Data for the task:
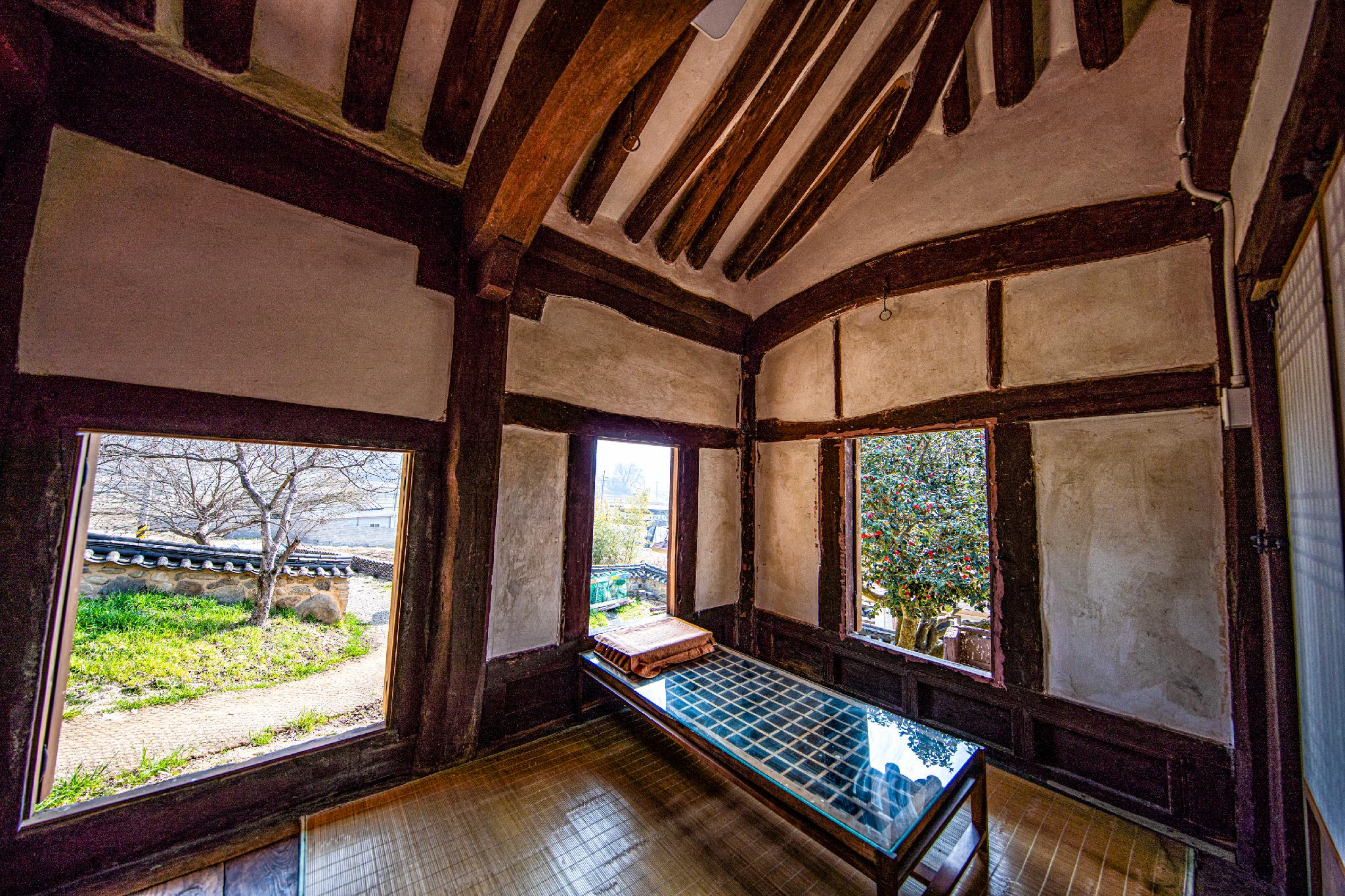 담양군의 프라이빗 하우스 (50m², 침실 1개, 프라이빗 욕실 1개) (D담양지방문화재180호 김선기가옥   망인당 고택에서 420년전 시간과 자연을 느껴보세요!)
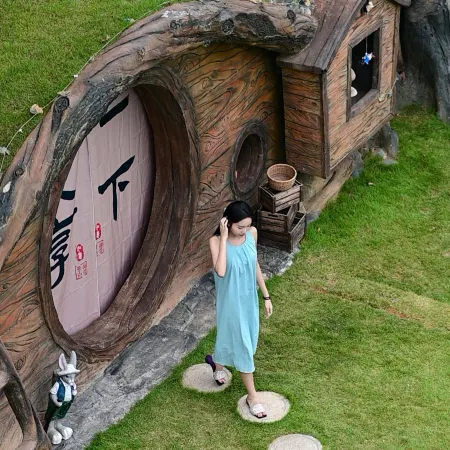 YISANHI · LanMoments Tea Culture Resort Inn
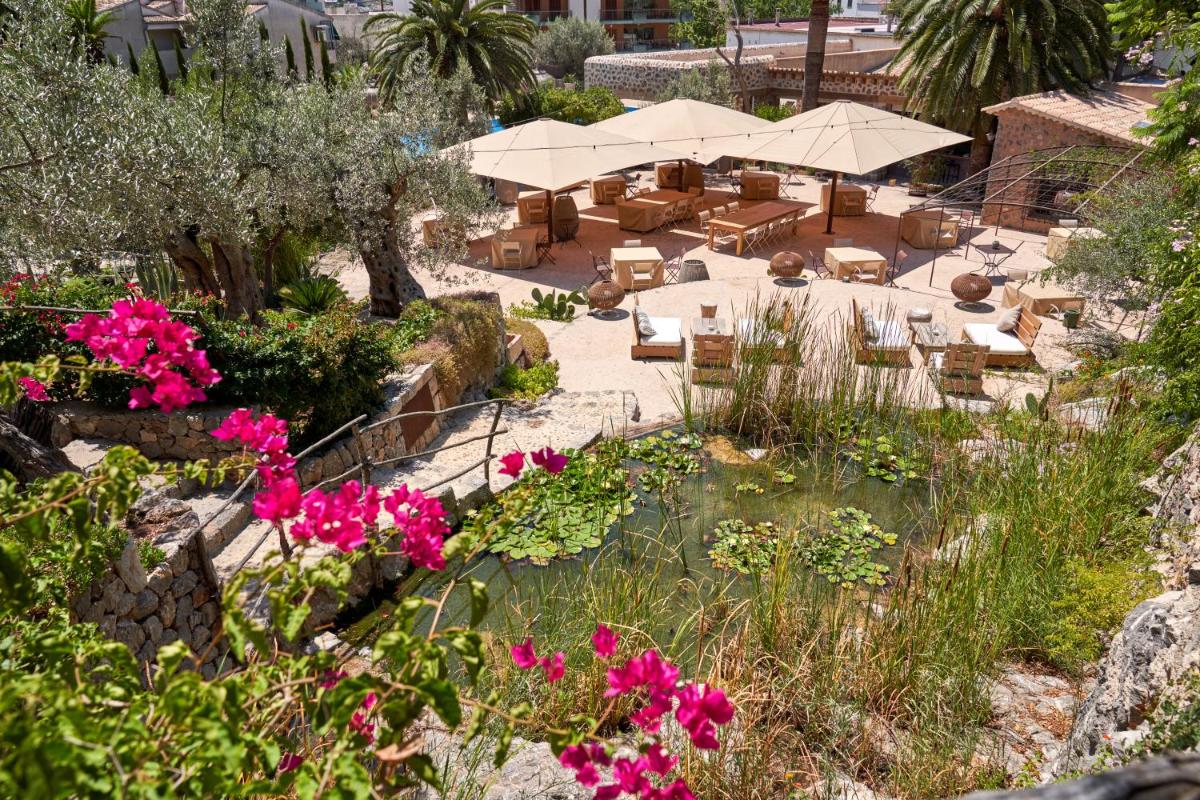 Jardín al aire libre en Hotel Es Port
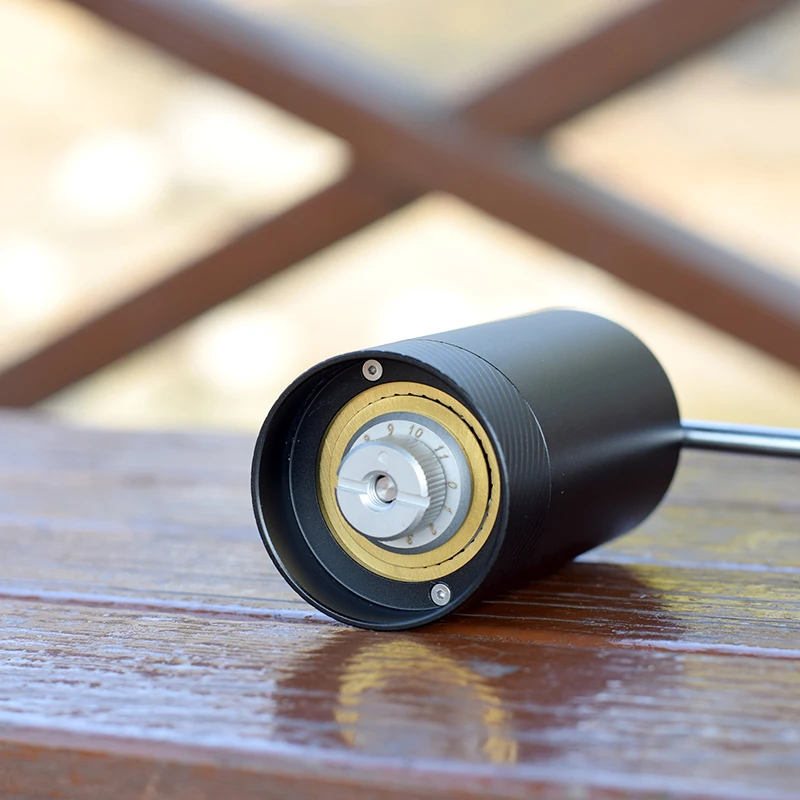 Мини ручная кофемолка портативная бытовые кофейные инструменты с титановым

--

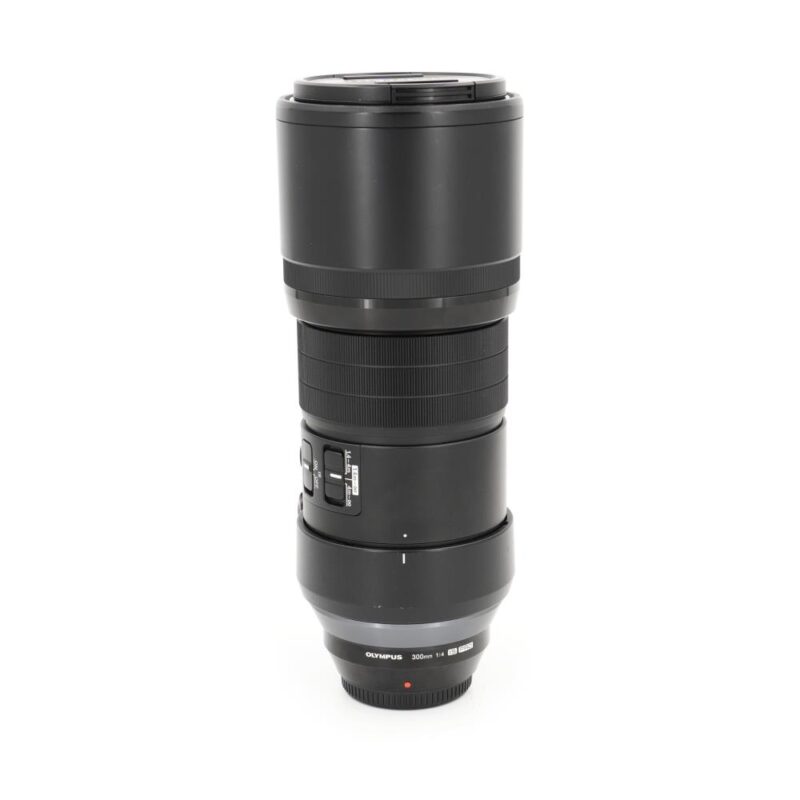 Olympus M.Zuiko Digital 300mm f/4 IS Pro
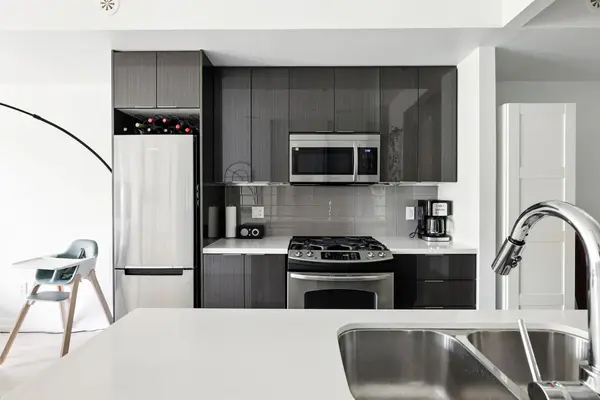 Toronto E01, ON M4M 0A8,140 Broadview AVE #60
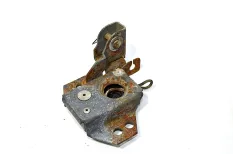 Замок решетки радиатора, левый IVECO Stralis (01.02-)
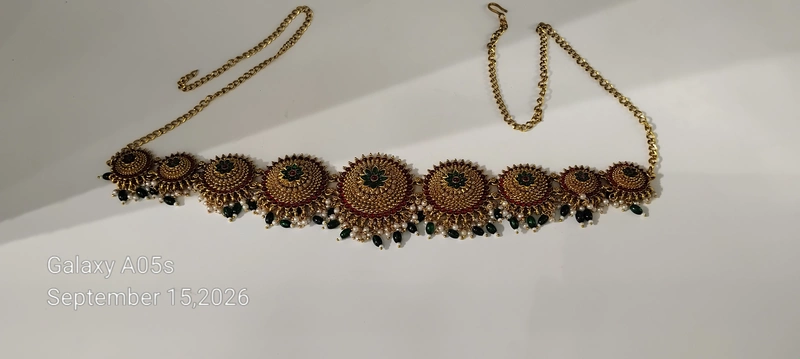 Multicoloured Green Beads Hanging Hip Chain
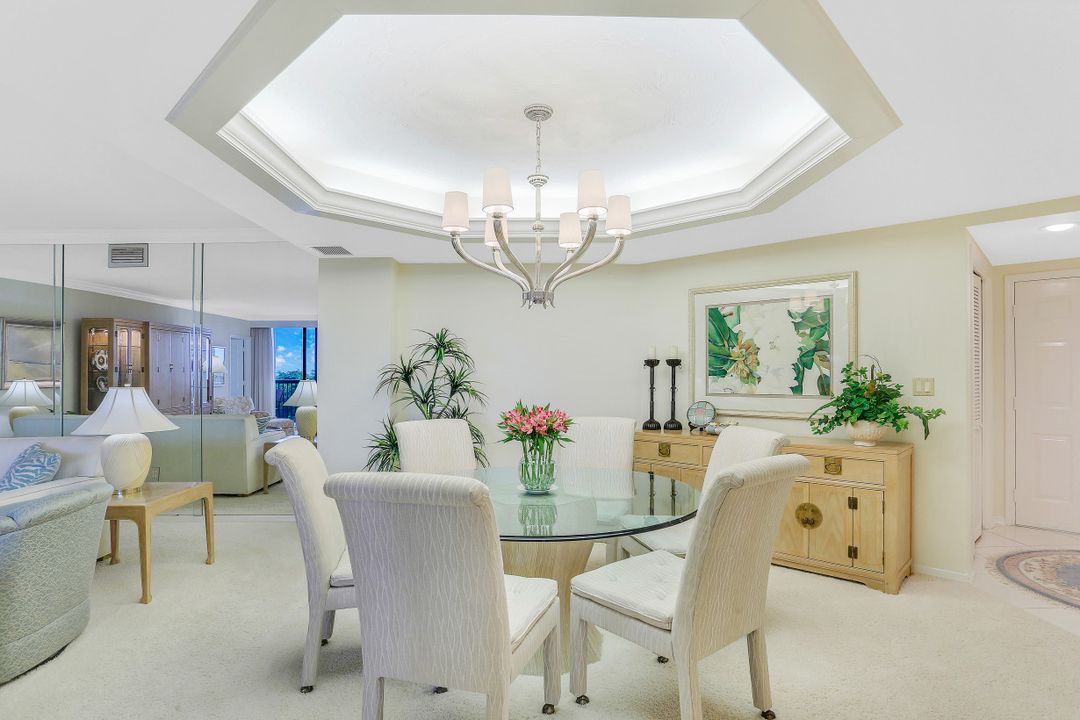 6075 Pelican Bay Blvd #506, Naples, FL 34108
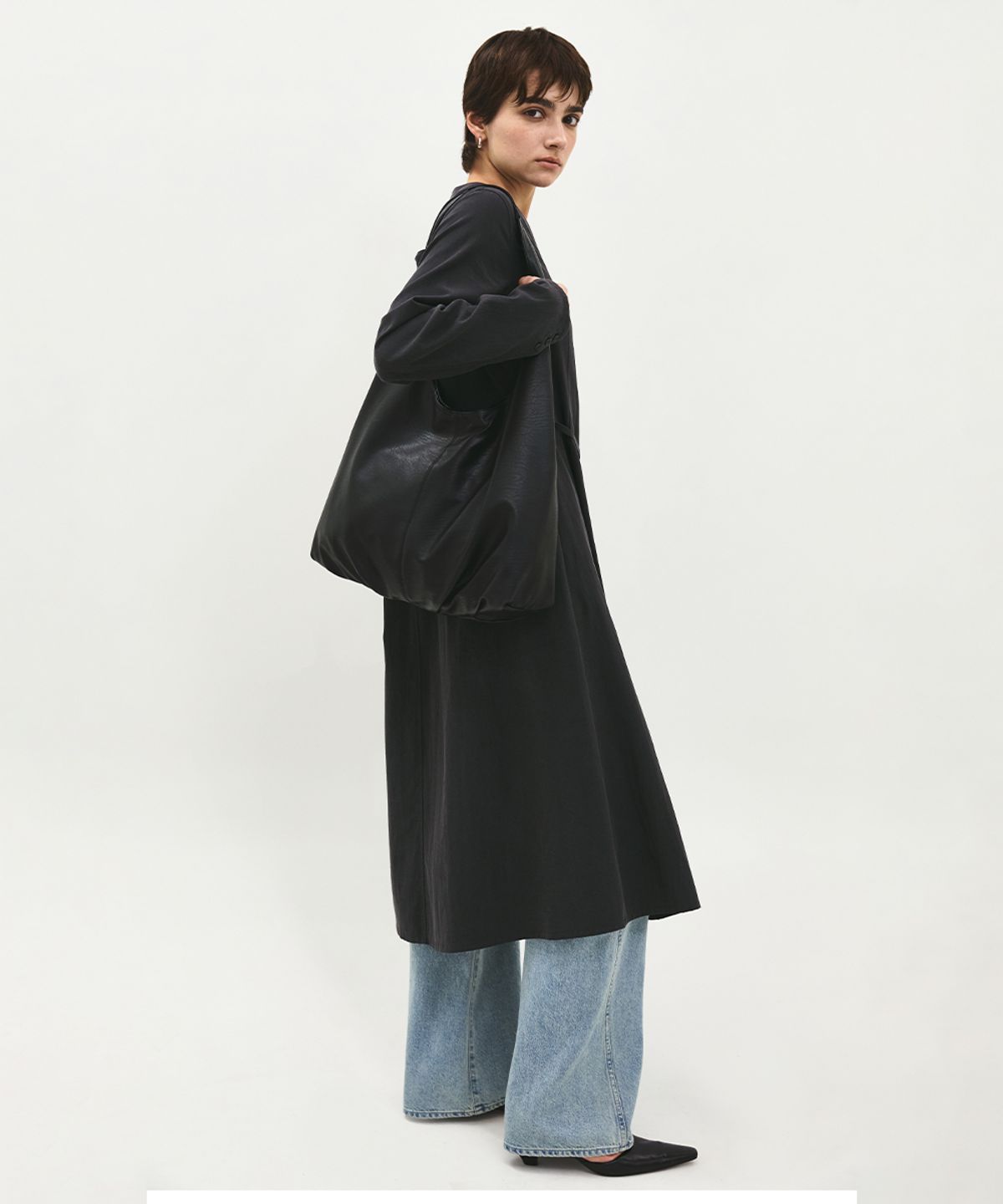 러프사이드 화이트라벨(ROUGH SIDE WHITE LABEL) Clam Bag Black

* * *

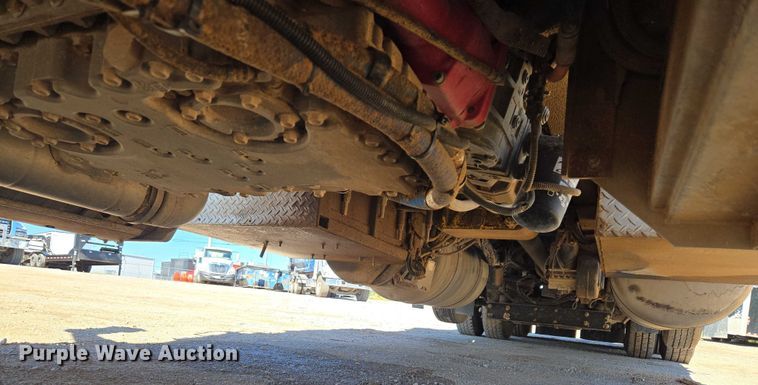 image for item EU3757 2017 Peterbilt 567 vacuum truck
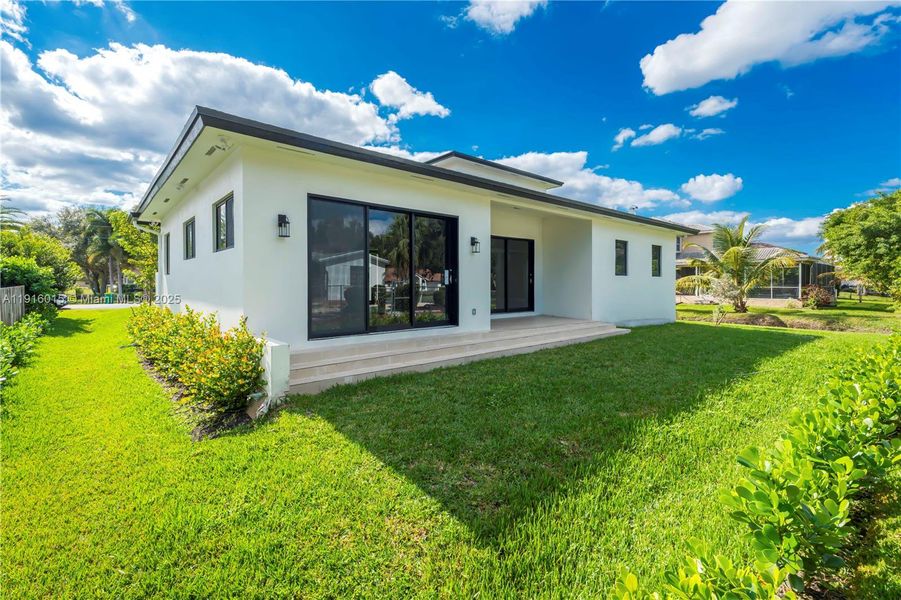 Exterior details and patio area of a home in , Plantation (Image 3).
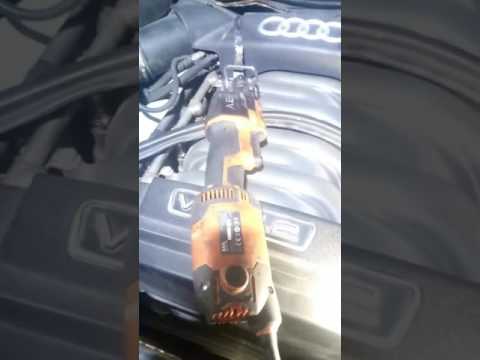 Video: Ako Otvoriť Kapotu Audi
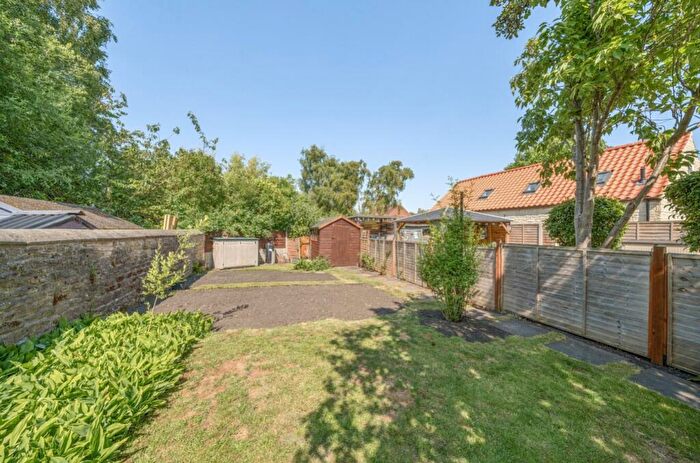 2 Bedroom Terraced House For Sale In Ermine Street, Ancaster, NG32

Task requirements: Using the records above, print exactly the run of lines that starts with the line with "Exterior details and" and goes on through the line with "2 Bedroom Terraced", pictures excluded.

Output for this exercise:
 Exterior details and patio area of a home in , Plantation (Image 3).
 Video: Ako Otvoriť Kapotu Audi
 2 Bedroom Terraced House For Sale In Ermine Street, Ancaster, NG32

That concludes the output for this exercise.